> **The task**
Within the listing below, please copy exactly the lines between the line holding "Welt im Kopfhörer" and the line holding "A colorful flyer", inclusive.

> **Provided material**
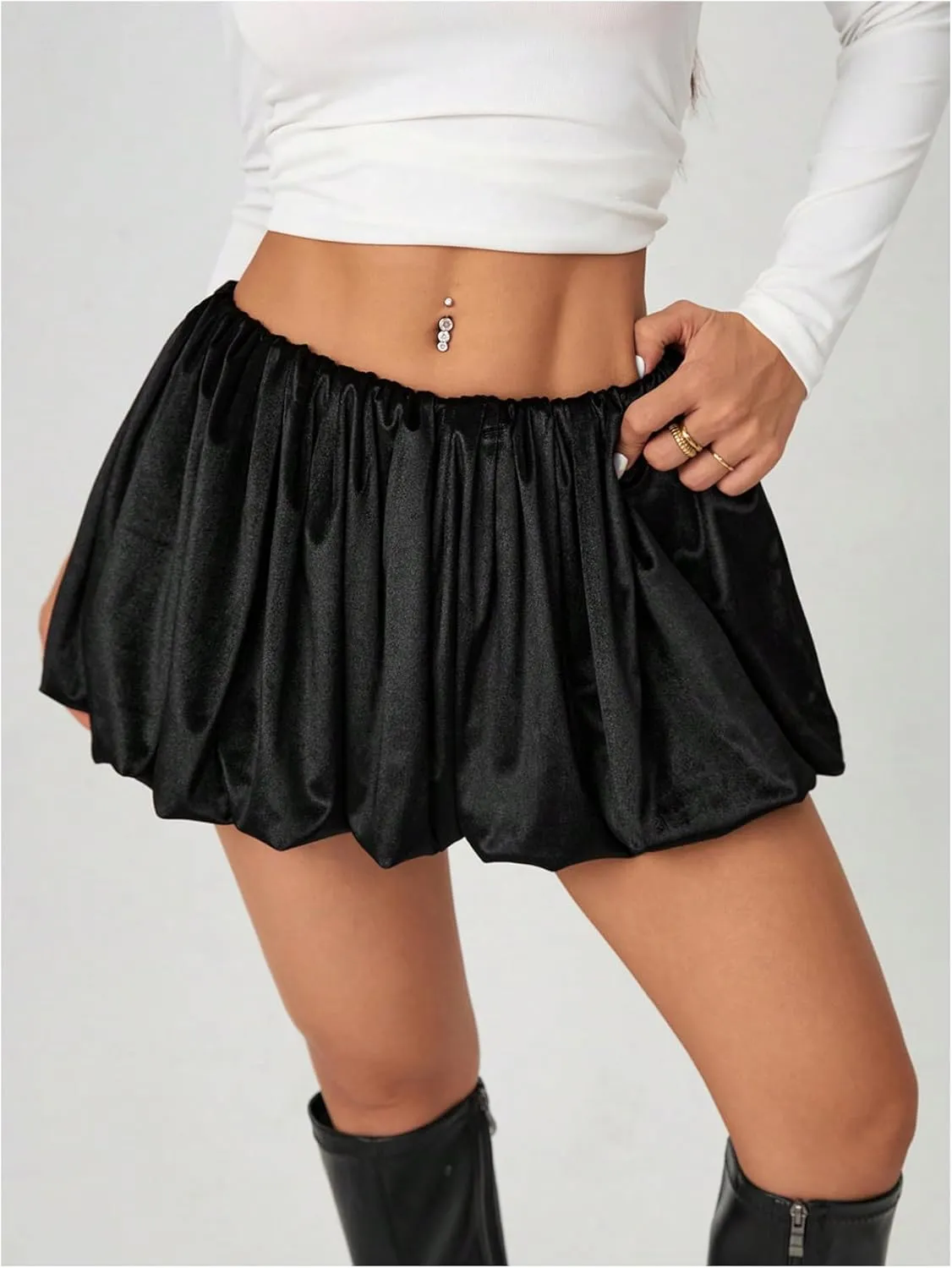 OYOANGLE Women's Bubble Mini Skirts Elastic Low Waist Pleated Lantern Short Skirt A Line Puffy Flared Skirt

---

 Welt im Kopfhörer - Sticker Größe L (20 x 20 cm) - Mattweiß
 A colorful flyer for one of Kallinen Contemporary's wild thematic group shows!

> **Exercise response**
 Welt im Kopfhörer - Sticker Größe L (20 x 20 cm) - Mattweiß
 A colorful flyer for one of Kallinen Contemporary's wild thematic group shows!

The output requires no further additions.